If you want to rub elbows with commercial beeks I suggest your state annual beekeepers meeting or one of the national ones. One of the best ones is the American Honey Producers Association meeting. AHPA is an organization for beekeepers, not packers and I recommend every beek join this group. They also throw a killer convention. http://www.americanhoneyproducers.org/


----------



## dnelson (May 19, 2009)

By the way, my name is Doug for anyone who would like to know, I'd give you all my signature but it isn't worth much (yet)

I would love to come up there to shake bees! But I have a bunch of packages coming in late March. I saw a couple of Indiana guys posting on here, I am down in the southern most eastern point in the state. Almost Cincinnati.

I'm hoping that if I diversify and start slow then I might do alright since I don't have the chance to work for a big time beek. I am going for 50 hives this year, 100 in 2011, and 300 in 2012. I hope to have a better knowlege base for the commercial side, then I will be looking at hopefully 1000 or more. A will be opening a storefront to sell equipment next Spring "Lord Willing". I have a full time job that will help until I can get going enough on the bees.

Our family goal isto make a complete living from beekeeping and provide the opportunity for some or all of our 6 kids to someday takeover. 

I'll tell you what, I am such an idiot! I actually looked up the anger management website thinking "what the heck does this have to do with bees!?":doh:


----------



## JohnK and Sheri (Nov 28, 2004)

Hi Doug, 


dnelson said:


> I would love to come up..... But I have a bunch of packages coming....


Yeah,yeah,yeah, how many times have I heard _that_?



dnelson said:


> I actually looked up the anger management website


 LOL ya gotta watch Hambone, he will lead you astray.

Good luck with your plans, with 6 kid at least you will have the help you need right at home.
Sheri


----------



## dnelson (May 19, 2009)

Good luck with your plans, with 6 kid at least you will have the help you need right at home.
Sheri[/QUOTE]

Well, they are still young. My 5 yr old was manning the smoker amonth or so ago, and he would be chasing the bees all over the place with the smoke! I don't think the hive got any puffs. He did puff my face instead of the hives a couple times.

I wish I knew about the AHPA a couple of months ago, I would have liked to go to the convention.


----------



## greenbeekeeping (Feb 13, 2003)

HI Doug. My wife and I are trying to build into full time here in Northern Indiana. We ran 300 hives this year and 400 in 08'. Lord willing it will be 500+ next year. It is not as easy for me as it was a few years ago as we have two little ones and I work full time too. My boy turns three in Jan and my little girl turned 2 yesterday. They are always trying to help. 

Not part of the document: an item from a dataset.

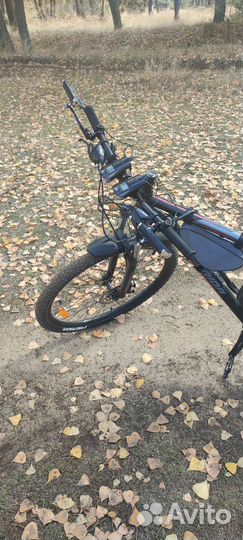 Велосипеды бу взрослый 29 колеса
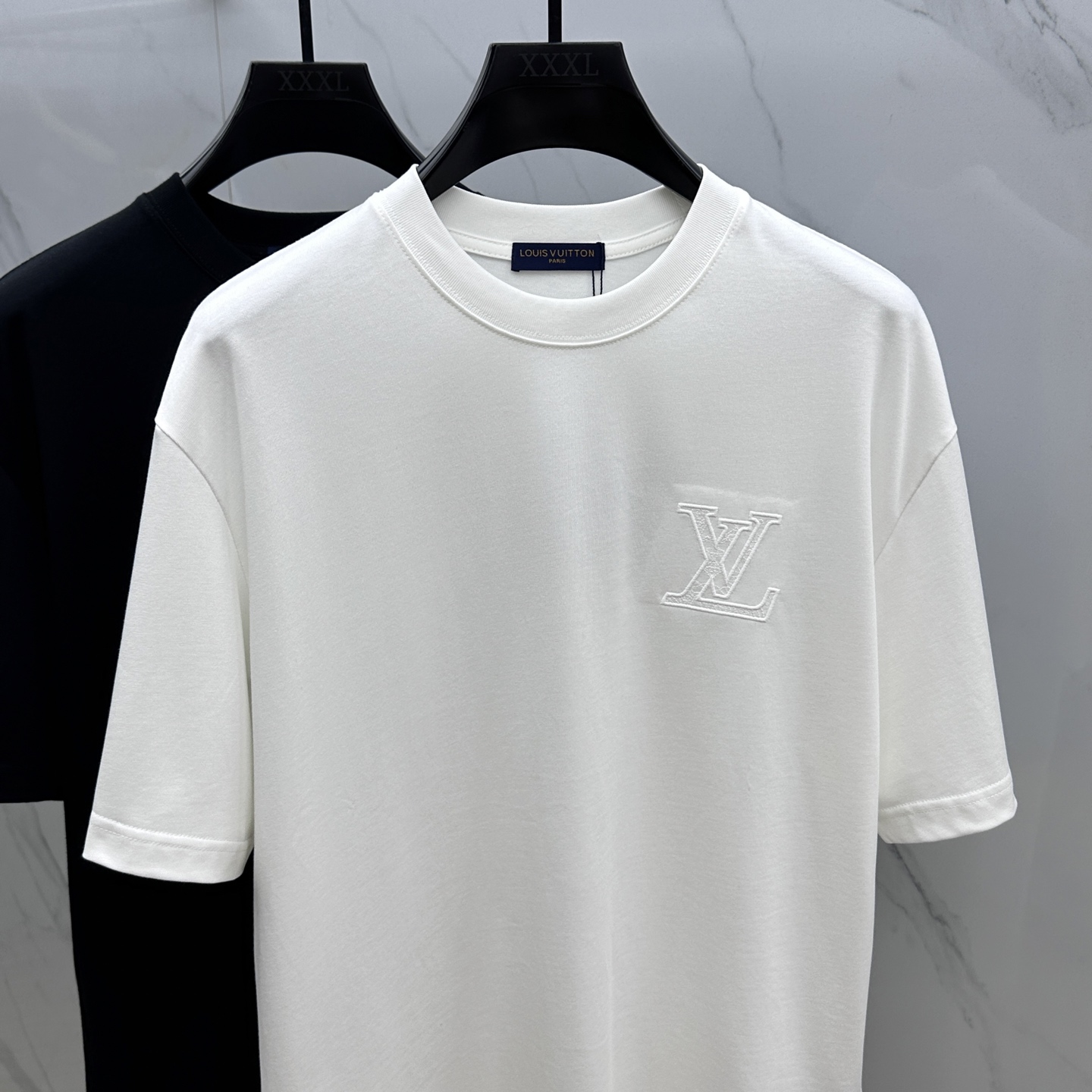 Louis Vuitton  T恤服装,男,女 2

How many hives do you have now? 

Matt


----------



## Barry (Dec 28, 1999)

JohnK and Sheri said:


> "I would love to come up there to shake bees! But I have a bunch of packages coming in late March."
> 
> Hi Doug,
> Yeah,yeah,yeah, how many times have I heard _that_?


OK Sheri, he had his chance. I don't have packages coming so can I take his place? I really do need to get up your way and see you.


----------



## JohnK and Sheri (Nov 28, 2004)

Barry, we would love for you to head up this way! Better than us going to Chicago, I'd get lost for sure.  Let's make plans.



dnelson said:


> I wish I knew about the AHPA a couple of months ago, I would have liked to go to the convention.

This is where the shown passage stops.